→ WHAT IS REQUIRED: Everything from the line containing "Folia naklejka skórka" through the line containing "vidaXL Sofa med Opbevaring 152 cm Blå" should be repeated exactly, and nothing else from the data.
····················
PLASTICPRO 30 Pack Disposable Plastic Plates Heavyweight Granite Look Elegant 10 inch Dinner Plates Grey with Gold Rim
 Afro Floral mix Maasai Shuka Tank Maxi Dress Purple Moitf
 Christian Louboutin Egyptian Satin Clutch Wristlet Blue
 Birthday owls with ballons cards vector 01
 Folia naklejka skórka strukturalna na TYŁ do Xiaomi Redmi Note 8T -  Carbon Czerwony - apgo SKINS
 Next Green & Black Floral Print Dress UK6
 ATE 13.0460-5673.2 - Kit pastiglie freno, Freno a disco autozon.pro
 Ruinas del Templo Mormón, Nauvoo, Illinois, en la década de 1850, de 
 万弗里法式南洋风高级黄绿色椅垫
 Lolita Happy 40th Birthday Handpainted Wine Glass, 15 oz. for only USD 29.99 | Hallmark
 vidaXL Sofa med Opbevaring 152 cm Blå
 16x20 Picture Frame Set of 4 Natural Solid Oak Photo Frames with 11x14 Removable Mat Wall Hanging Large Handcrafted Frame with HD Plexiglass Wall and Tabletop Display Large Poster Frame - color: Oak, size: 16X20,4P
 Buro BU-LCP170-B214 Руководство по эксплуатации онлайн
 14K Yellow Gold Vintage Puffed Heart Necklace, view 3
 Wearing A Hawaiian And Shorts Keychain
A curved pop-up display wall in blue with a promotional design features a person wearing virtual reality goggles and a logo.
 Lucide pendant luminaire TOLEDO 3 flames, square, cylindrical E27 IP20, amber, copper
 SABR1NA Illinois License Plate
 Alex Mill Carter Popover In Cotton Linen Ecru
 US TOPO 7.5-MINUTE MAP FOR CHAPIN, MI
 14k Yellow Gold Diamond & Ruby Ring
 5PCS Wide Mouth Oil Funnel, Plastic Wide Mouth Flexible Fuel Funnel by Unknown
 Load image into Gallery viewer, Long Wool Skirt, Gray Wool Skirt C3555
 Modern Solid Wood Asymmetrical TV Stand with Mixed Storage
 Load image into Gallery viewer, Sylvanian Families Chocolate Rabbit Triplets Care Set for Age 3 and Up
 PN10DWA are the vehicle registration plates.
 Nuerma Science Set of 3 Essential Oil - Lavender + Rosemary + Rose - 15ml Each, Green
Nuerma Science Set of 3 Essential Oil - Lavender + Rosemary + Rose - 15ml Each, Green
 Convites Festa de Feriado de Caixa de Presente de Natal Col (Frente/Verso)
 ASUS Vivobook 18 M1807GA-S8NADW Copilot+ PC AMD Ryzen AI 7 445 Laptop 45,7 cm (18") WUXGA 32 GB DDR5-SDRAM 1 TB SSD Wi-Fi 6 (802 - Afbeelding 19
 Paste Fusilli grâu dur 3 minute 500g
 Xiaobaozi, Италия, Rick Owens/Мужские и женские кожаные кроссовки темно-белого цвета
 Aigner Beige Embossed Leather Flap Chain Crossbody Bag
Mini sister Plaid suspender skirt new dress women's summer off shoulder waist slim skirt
····················
→ EXERCISE RESPONSE:
 Folia naklejka skórka strukturalna na TYŁ do Xiaomi Redmi Note 8T -  Carbon Czerwony - apgo SKINS
 Next Green & Black Floral Print Dress UK6
 ATE 13.0460-5673.2 - Kit pastiglie freno, Freno a disco autozon.pro
 Ruinas del Templo Mormón, Nauvoo, Illinois, en la década de 1850, de 
 万弗里法式南洋风高级黄绿色椅垫
 Lolita Happy 40th Birthday Handpainted Wine Glass, 15 oz. for only USD 29.99 | Hallmark
 vidaXL Sofa med Opbevaring 152 cm Blå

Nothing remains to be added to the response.